An example task.yml file:

tasks.yml#

- name: product
  template: "find the product of {a} and {b}"
  values:
     a: [2,3,5]
     b: [3,4,5]
  reference: calculated
  scorer: "calculated_answer"
  format: "IntAnswer"
- name: product_combination
  template: "find the product of {a} and {b}"
  values:
     a: [2,3,5]
     b: [3,4,5]
  reference: calculated
  value_combinations: combinations
  scorer: 
    - calculated_answer
    - add_justify
  format: "IntJustification"
- name: symbol
  template: "what is the name for the following symbol? {symb}"
  values: 
     symb: ["@","$","#"]
     exmeta: ['internet', 'world', 'internet']
  reference: ["at", "dollar sign", "pound"]
  scorer: "contains"
- name: symbol_dir
  template: "what direction does the {symb} symbol point? and what is its name "
  values: 
     symb: ["^","<",">"]
     name: [carat, less,greater]
     direction: ["up", "left", "right"]
  scorer: check_name_dir
  reference: calculated
  format: NameSource

Folder specified Task#

It comprises a text file for the template

template.txt#

what is {a} + {b}?

and then values for the template feilds are in a csv file:

values.csv#

a,b,reference
2,3,5
4,5,9
8,9,17

Runner Specification#

Single run settings#

runner.yml#

runner_type: ollama
model: 'llama3.2'

Specifying multiple models:#

multiple_models.yml#

runner_type: ollama
model: 
 - 'llama3.2'
 - 'gemma3'

Custom Response format#

Classes should be like those in the responses class. Use pydantic.BaseModel for the response formats an enum.Enum to restrict options.

custom_response.py#

from pydantic import BaseModel
from enum import Enum

In order to constrain options, create a class for that:

custom_response.py#

class Direction(str,Enum):
    left="left"
    right="right"
    up="up"

Then that can be a field in a response.

custom_response.py#

class NameSource(BaseModel):
    name: str
    direction : Direction

Custom Scorer#

For custom scoring, add a file custom_scorer.py. There can be multiple functions in one file. A function should take two inputs, the response and the reference.

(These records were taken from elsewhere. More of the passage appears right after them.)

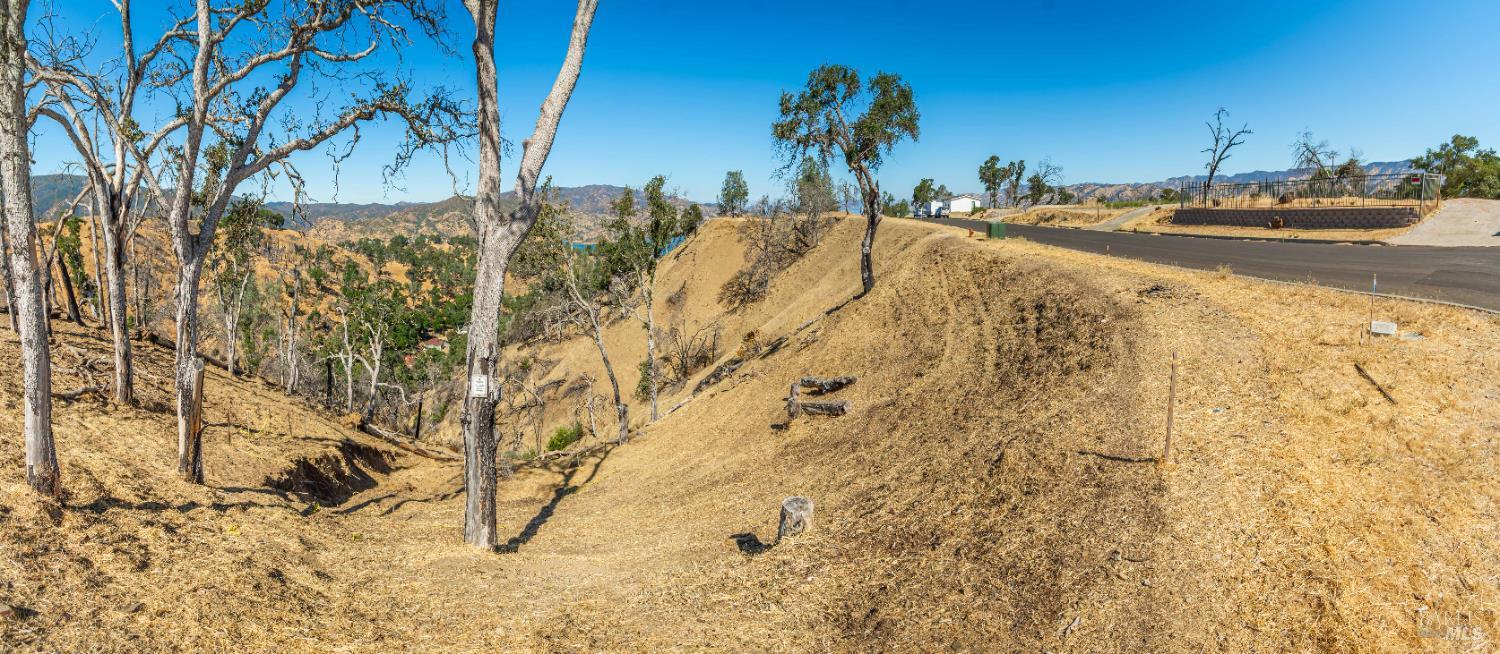 1099 Westridge Drive Napa CA 94558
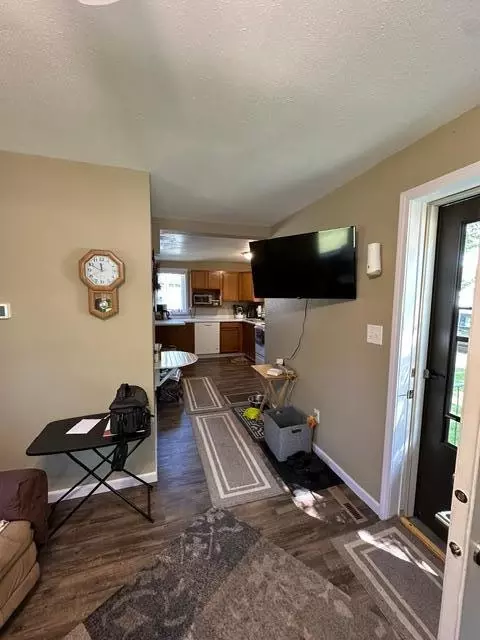 Entry Way - 501 Jefferson Ave, Argyle, MN 56713 photo 2 of 3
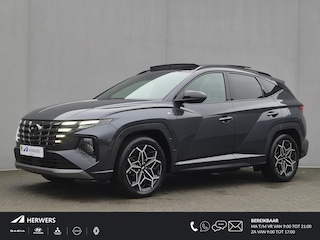 Hyundai Tucson 1.6 T-GDI PHEV N Line Sky 4WD Automaat / Fabrieksgarantie tot 23-09-2027 / Accu SOH 100% / EAER bereik 62 km bereik stad 74 km / Trekgewicht 1350 kg / Glazen schuif- en kanteldak / Stuur-, Stoel en Achterbank verwarming /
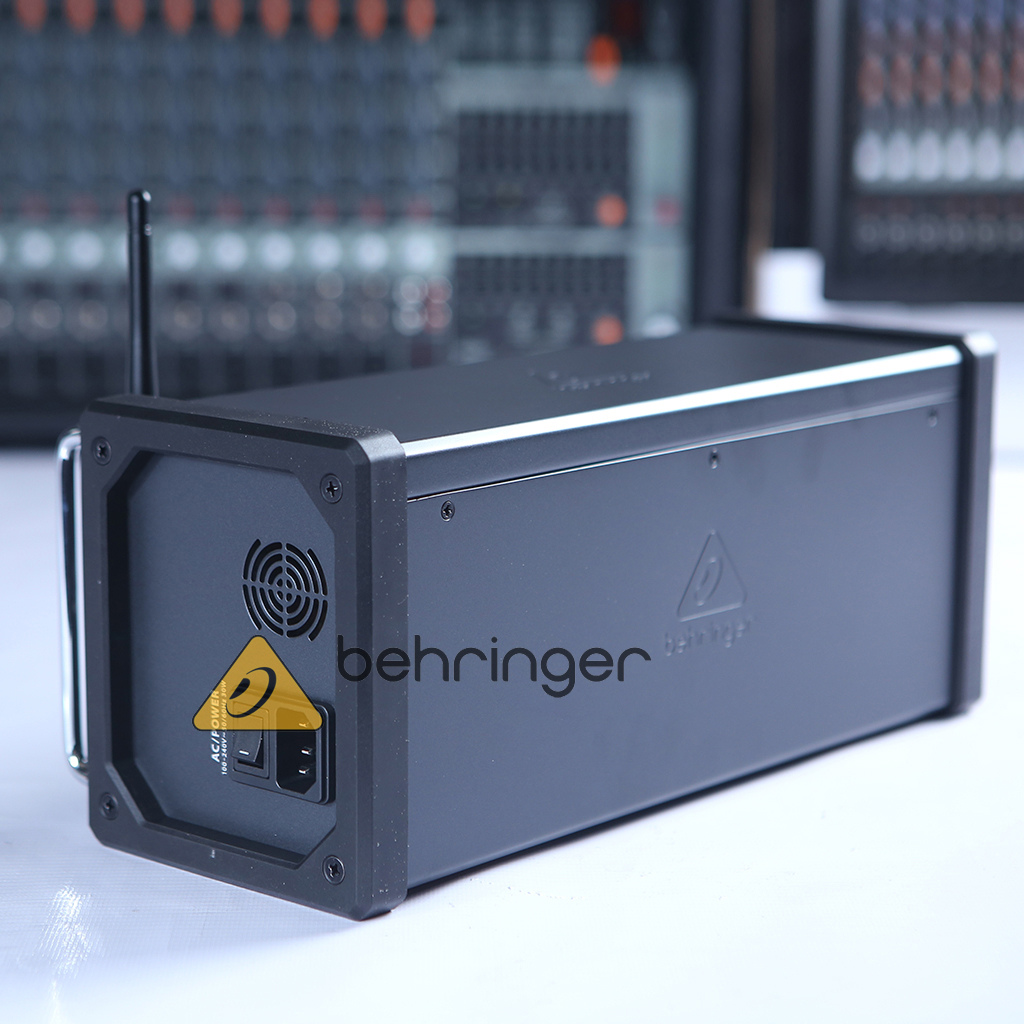 Mixer kĩ thuật số 16 cổng Behringer X AIR XR16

If reference is set to “calculated” in the tasks.yml for list-style or info.yml for a folder-style, then the reference will be a dictionary of the values for the class, with the prompt_id added.

custom_scorer.py#

import json
def calculated_answer(response,values):
    '''
    example function for calcuating the correct answer from the values
    '''
    # parse the response object
    response_object = json.loads(response)
    # compute the answer
    ref = values['a'] *values['b']
    # check the answer or otherwise calculate
    return int(ref == response_object['answer'])

def check_name_dir(response,values):
    '''
    '''
    # parse the response object
    response_object = json.loads(response)
    return {'name':values['name']==response_object['name'],
            'direction':values['direction']==response_object['direction'],}

def add_justify(response,values):
    response_object = json.loads(response)
    return int('add' in response_object['justification'])

The function can return either a scalar numerical value or a dictionary for multiple values.